● **PROMPT**
What is needed is the exact text of each line in the listing below from the one with "Westward Inn" up to and including the one with "Old Zinc Die Cast Scrap (Saves) - Image 7", and no pictures.

::: AVAILABLE DATA :::

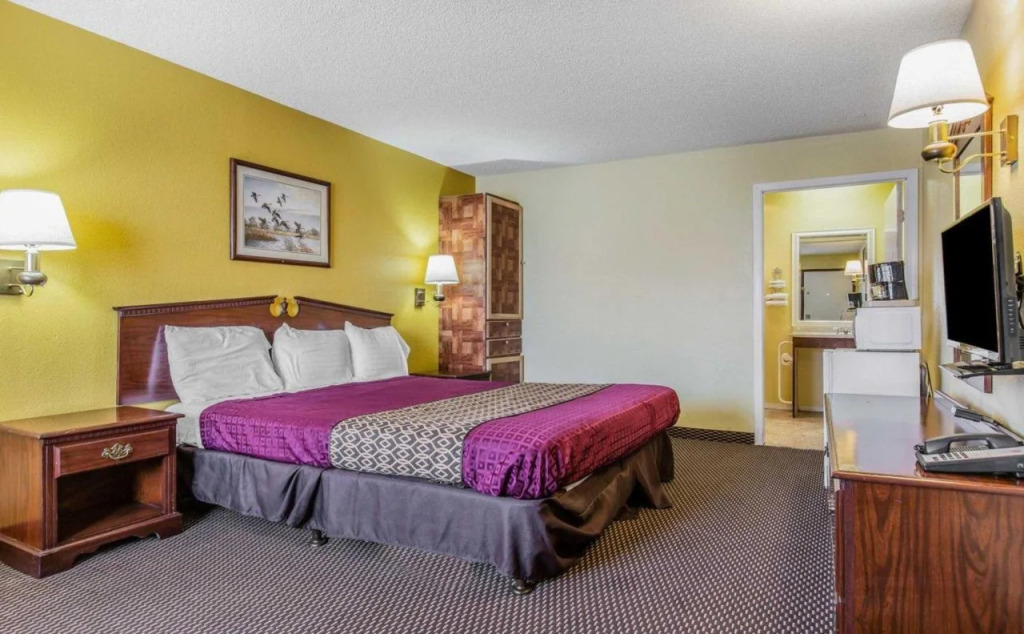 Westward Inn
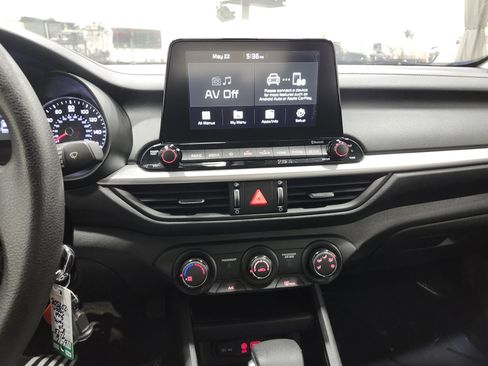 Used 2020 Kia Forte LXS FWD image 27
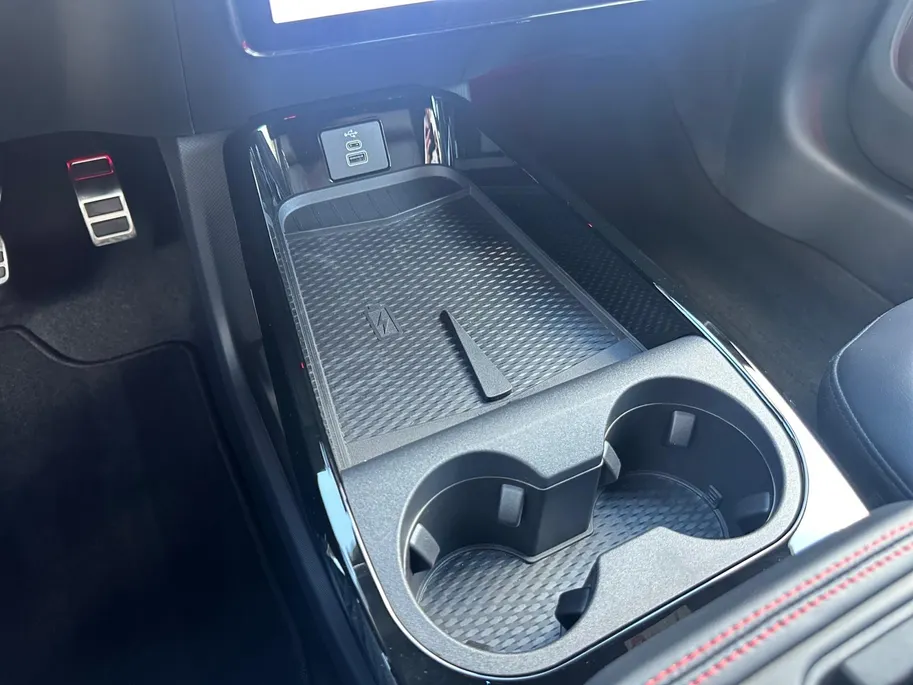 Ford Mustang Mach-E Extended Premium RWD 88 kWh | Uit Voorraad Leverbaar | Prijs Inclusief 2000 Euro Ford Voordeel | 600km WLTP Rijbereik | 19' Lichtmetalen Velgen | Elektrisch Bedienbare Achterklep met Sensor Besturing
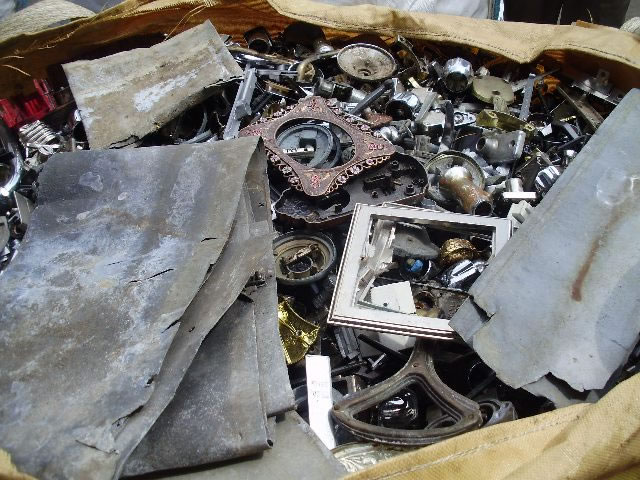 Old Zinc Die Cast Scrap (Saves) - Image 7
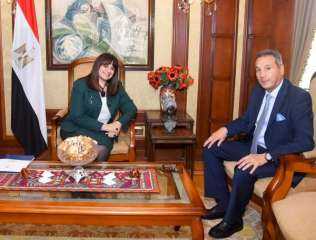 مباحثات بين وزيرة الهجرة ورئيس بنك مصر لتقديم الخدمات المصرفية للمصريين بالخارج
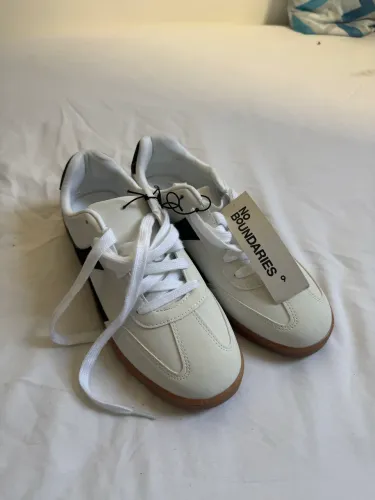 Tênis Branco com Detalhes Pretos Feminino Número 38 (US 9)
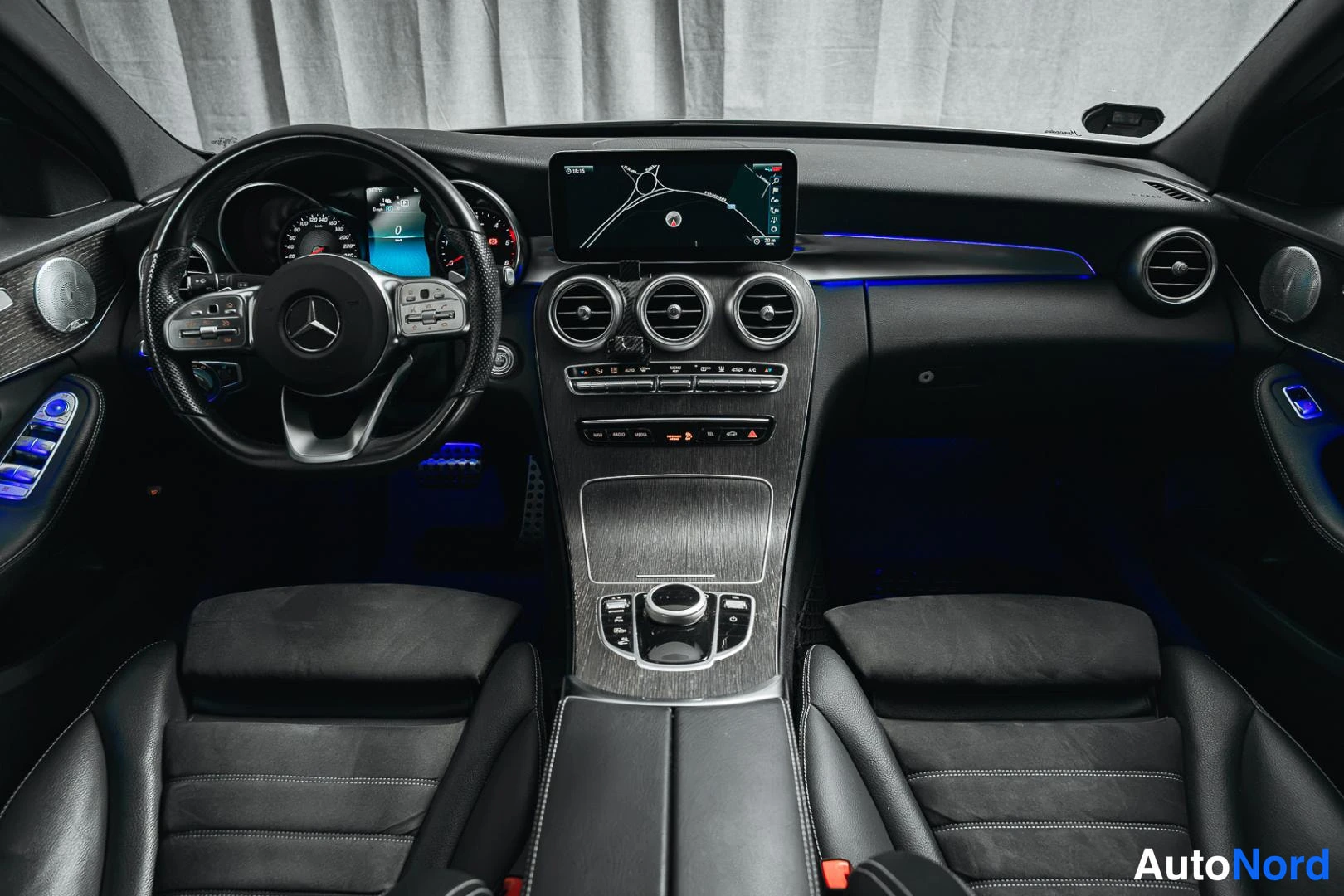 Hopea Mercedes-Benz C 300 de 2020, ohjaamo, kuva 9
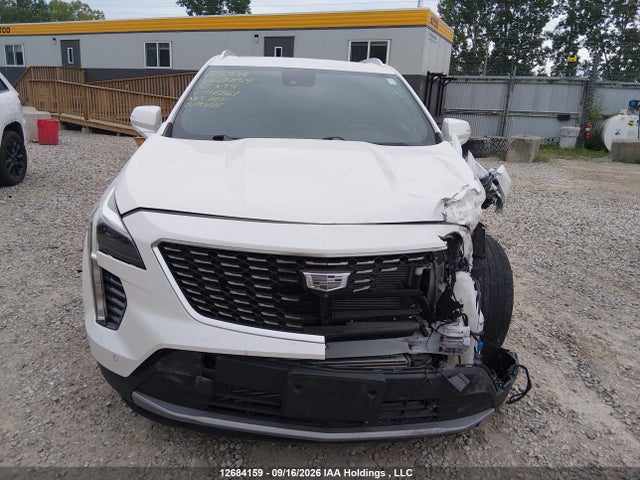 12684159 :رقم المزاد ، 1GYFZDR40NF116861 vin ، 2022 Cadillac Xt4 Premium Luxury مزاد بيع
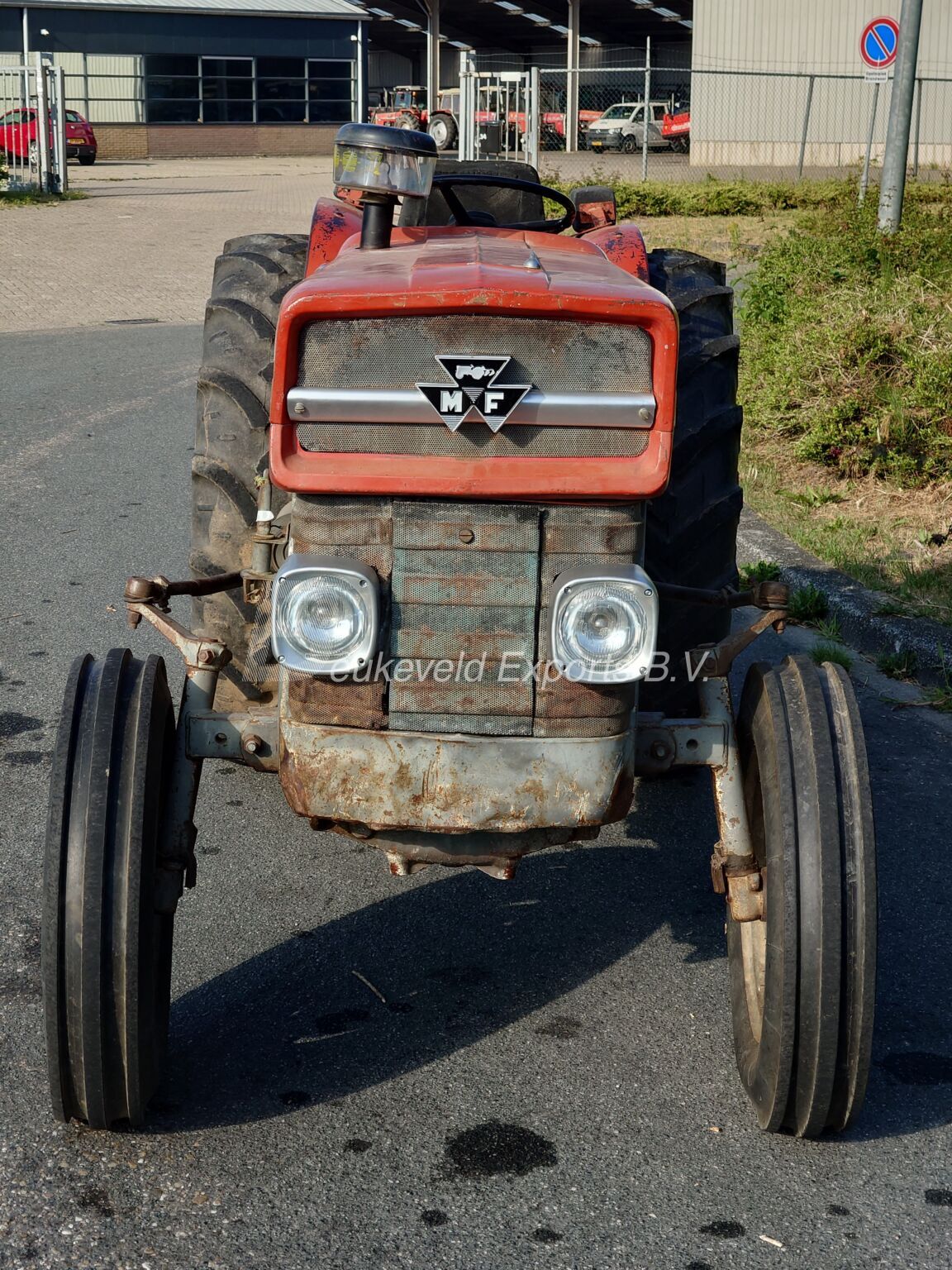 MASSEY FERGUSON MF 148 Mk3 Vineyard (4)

:::
::: AVAILABLE DATA :::

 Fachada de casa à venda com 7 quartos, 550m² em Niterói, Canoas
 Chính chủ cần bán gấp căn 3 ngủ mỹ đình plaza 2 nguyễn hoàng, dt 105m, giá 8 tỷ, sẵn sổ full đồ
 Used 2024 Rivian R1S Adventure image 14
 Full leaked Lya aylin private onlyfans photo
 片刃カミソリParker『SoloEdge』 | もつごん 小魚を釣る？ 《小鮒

:::
::: AVAILABLE DATA :::

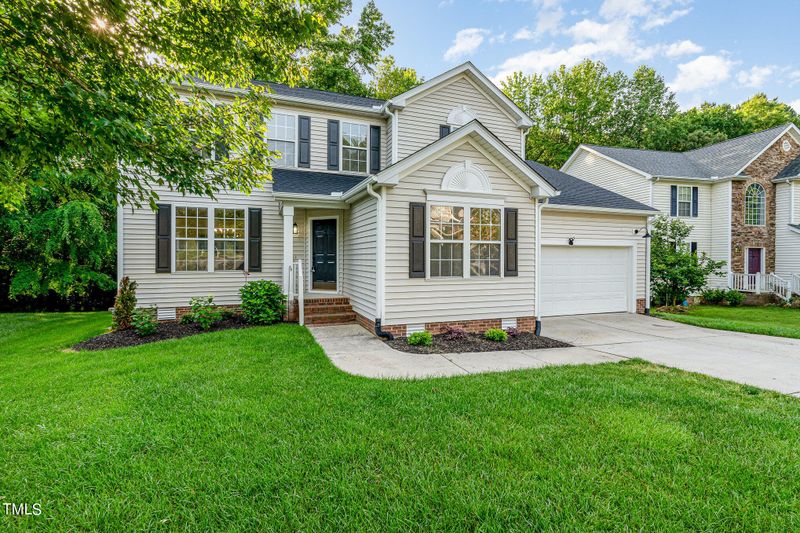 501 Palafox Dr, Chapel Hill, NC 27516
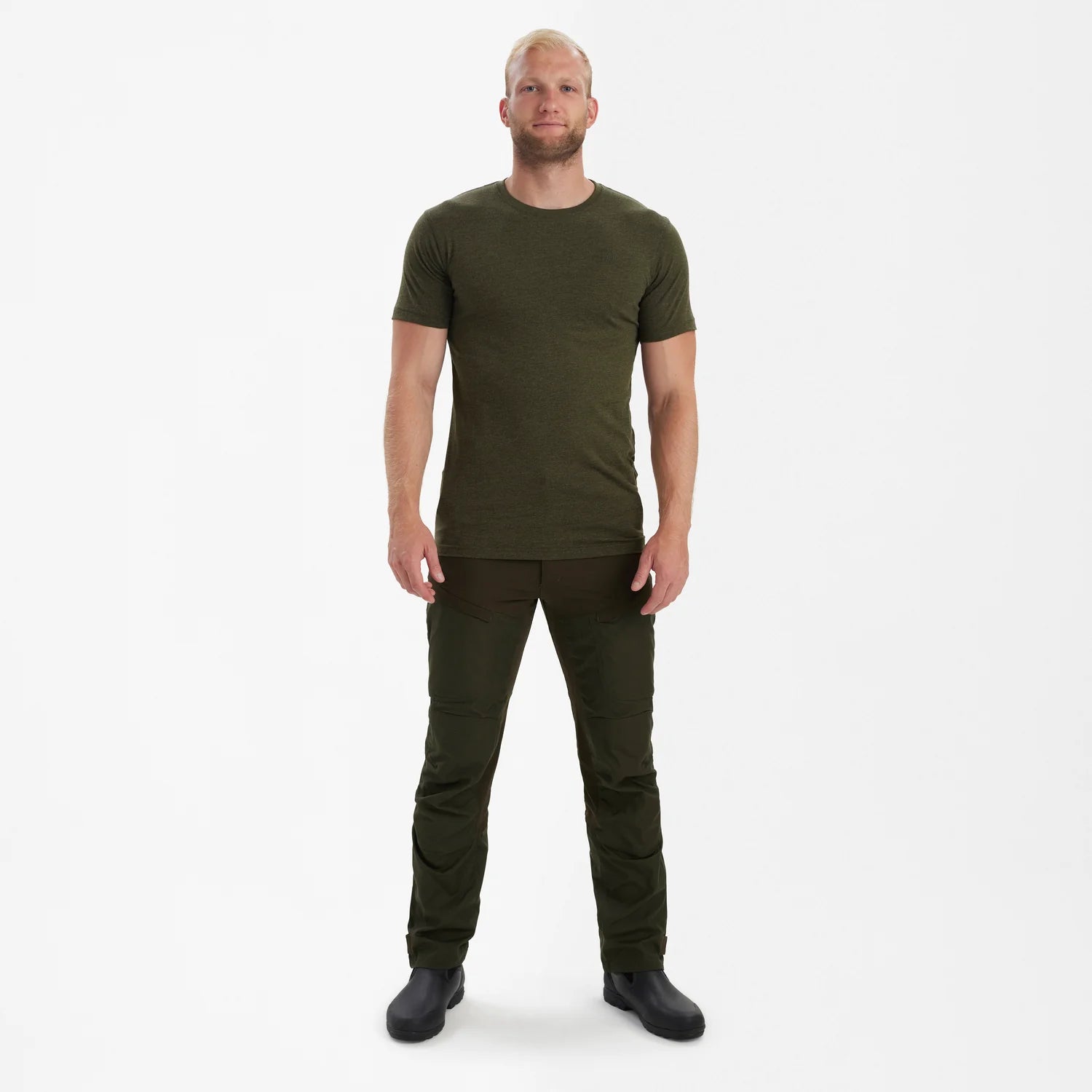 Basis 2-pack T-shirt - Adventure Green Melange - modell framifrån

:::

● **WRITTEN ANSWER**
 Westward Inn
 Used 2020 Kia Forte LXS FWD image 27
 Ford Mustang Mach-E Extended Premium RWD 88 kWh | Uit Voorraad Leverbaar | Prijs Inclusief 2000 Euro Ford Voordeel | 600km WLTP Rijbereik | 19' Lichtmetalen Velgen | Elektrisch Bedienbare Achterklep met Sensor Besturing
 Old Zinc Die Cast Scrap (Saves) - Image 7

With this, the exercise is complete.